Sailing: The art of getting wet and becoming ill while slowly going nowhere at great expense.

Wednesday, November 16, 2011

Electrical Cabinet


 I finished the new electrical cabinet yesterday and installed (temporarily) the door with paper cut outs of the controls.  The door has been salvaged from the old ice box that was torn out along with the entire starboard side bulkheads and engine compartment.

   Just in time as the primary switch/circuit breaker panel arrived.  I still need to refinish the door but the mock up lets me know it will all fit and clear.  It will be easier to access the wiring as the door swings open 90 degrees out of the way.  I am still playing around with the placements of each control and trying to leave room for future additions.



 My big question now is concern over the distance from the battery bank.  The main wires from the batteries to the switch will be 12 foot.  The batteries are close to the motor and the charging sources (alternator and solar panels).  The electrical panel is mid ships on the starboard side over what will become my navigation table.  Voltage drop can be accommodated but i wonder if there is something else I am missing.

Monday, November 7, 2011

Wood Work

This past weekend I reinserted the water tank in the under the forpeak birth.  I painted the lower half of the tank with 2 coats of the white epoxy paint.  My fill/pressure test of the tank showed a possibility of some moisture collecting around one of the lower welded seams.  It was not that much at all and I couldn't really determine if it was condensation or even dew from conducting the test outside.  So a couple coats of epoxy might be enough to extend the life of the stainless steel tank. A replacement tank (plastic) would be $300+ and a SS replacement would be $500+.  Since it will be used for washing water and flushing water only I am not too concerned.  Drinking water will be 3gal portable jugs for now.
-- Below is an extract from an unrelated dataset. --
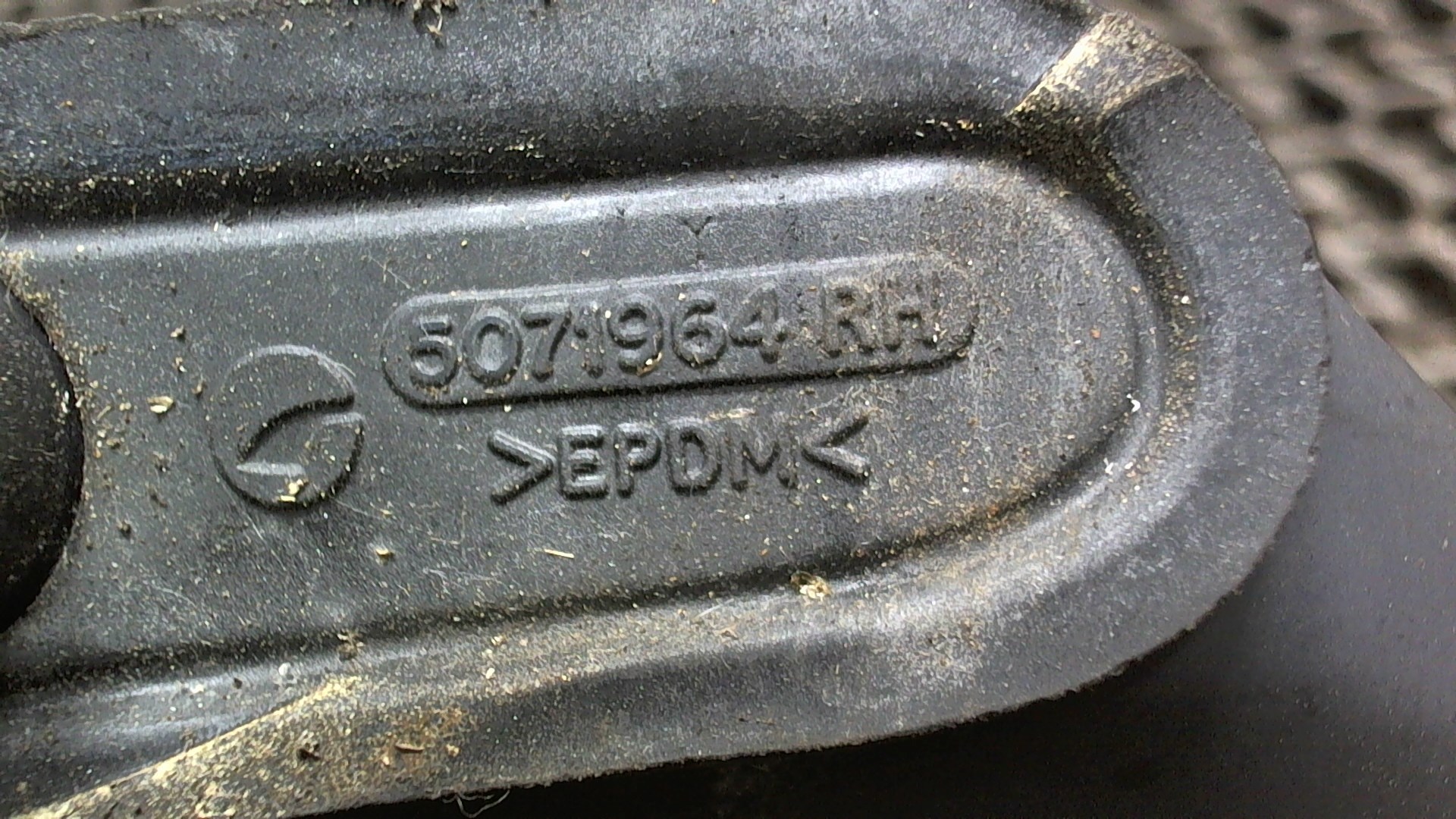 Рейлинг (релинг) правый (планка на крышу)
I have also decided that the best way to hold the tank down is a strap on the forward end with the rear end retained under a cleat.  Straps seem to be the popular method and are easy to replace.  I covered up the forpeak and placed the cushions on top.  Saturday night Lillian and I spent the night on the boat.  She thought it was great fun.  The forpeak is definitely her size.

I also made the cover for the chain locker.  A triangular piece of 3/8" ply set in teak cleats.  The cleats were made from blocking that was removed from the original ice box door.  There was a raised panel on the rear of the door that held an inch of insulation behind a fiberglass pan.  The cleats were the blocking for the pan.  I also saved the pan and will clean it up and use it for a serving tray (inverted) on the boat.  I need to varnish the cleats and paint the board.  Lillian has requested that one side be painted to be used as a marker board.  They have the paint available for that now.
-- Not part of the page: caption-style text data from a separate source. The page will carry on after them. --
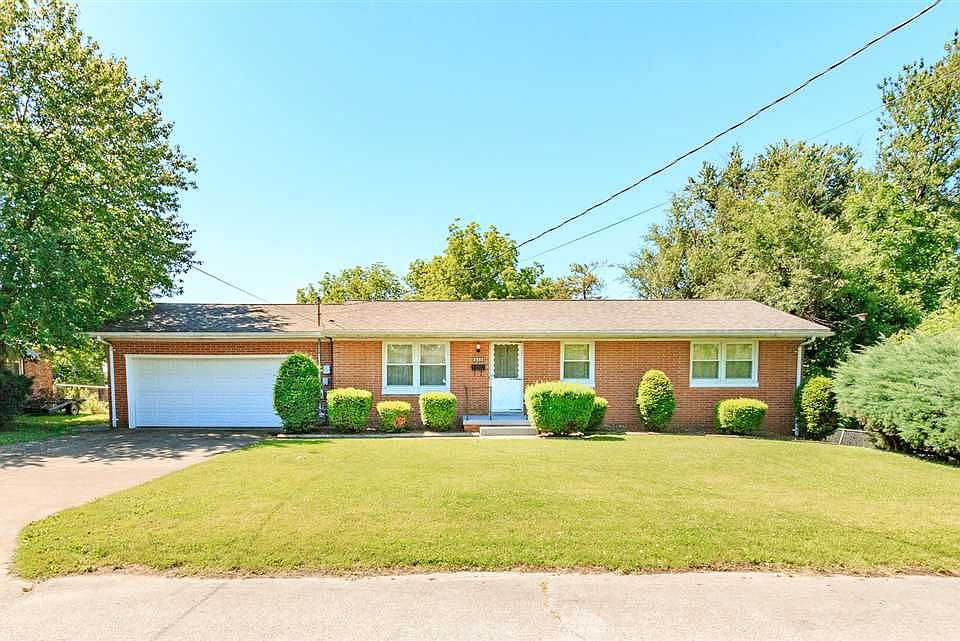 1st image of 2307 E Eichel Ave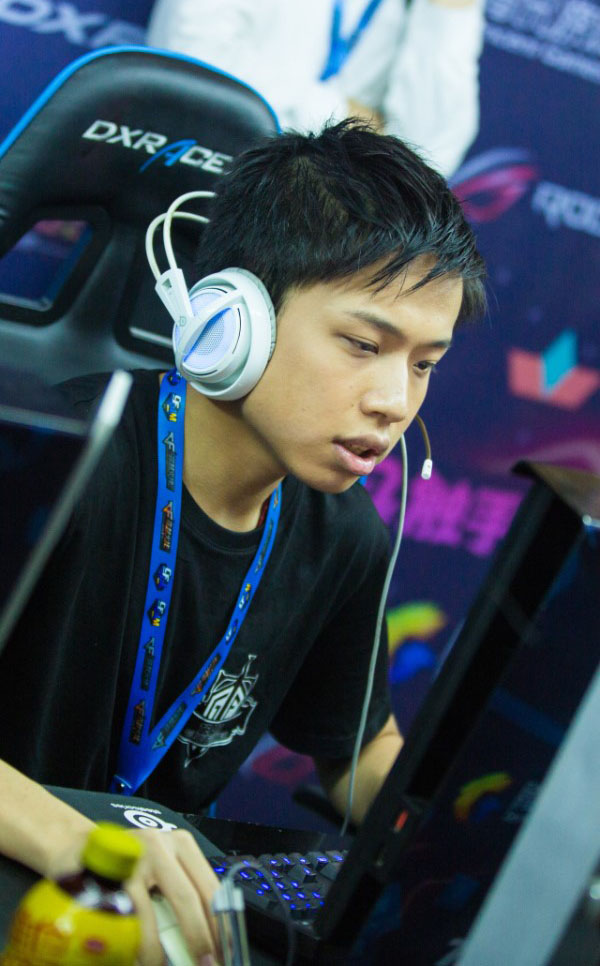 正值cf的外挂盛行,宠儿一度被同区的玩家怀疑是使用外挂.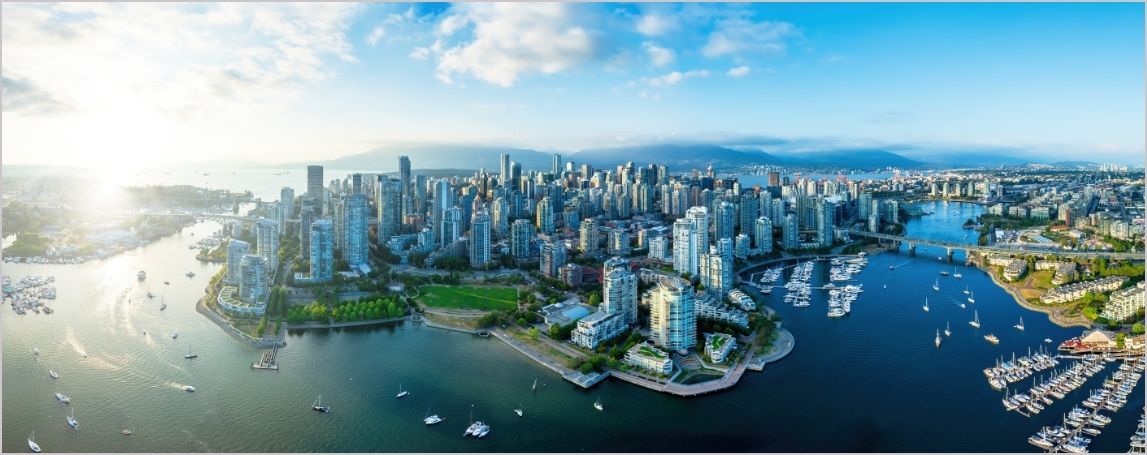 Vue panoramique a&eacute;rienne du port de Vancouver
I have also re-purposed the ice box door.  It will become the face of my new electrical controls cabinet.  I made a back panel out of the same 3/8 ply (to be painted) and fashioned the box that the door will mount to.  This will allow easy, hinged access to the wiring and again has saved a piece of the original construction.  The pictures show the door before demolition and mocked up with the panel.  I ordered the electrical switch/panel as the first piece.  I will order an illuminated navigation light switch, un-switched bilge pump controls and a 12v outlet (lighter socket) to round out the controls.  110v power and addition DC circuits will wait until we see what our usage is like.  Trying to keep it simple with battery charging accomplished with engine alternator and solar panels.  No need for 110v if we will be on a mooring.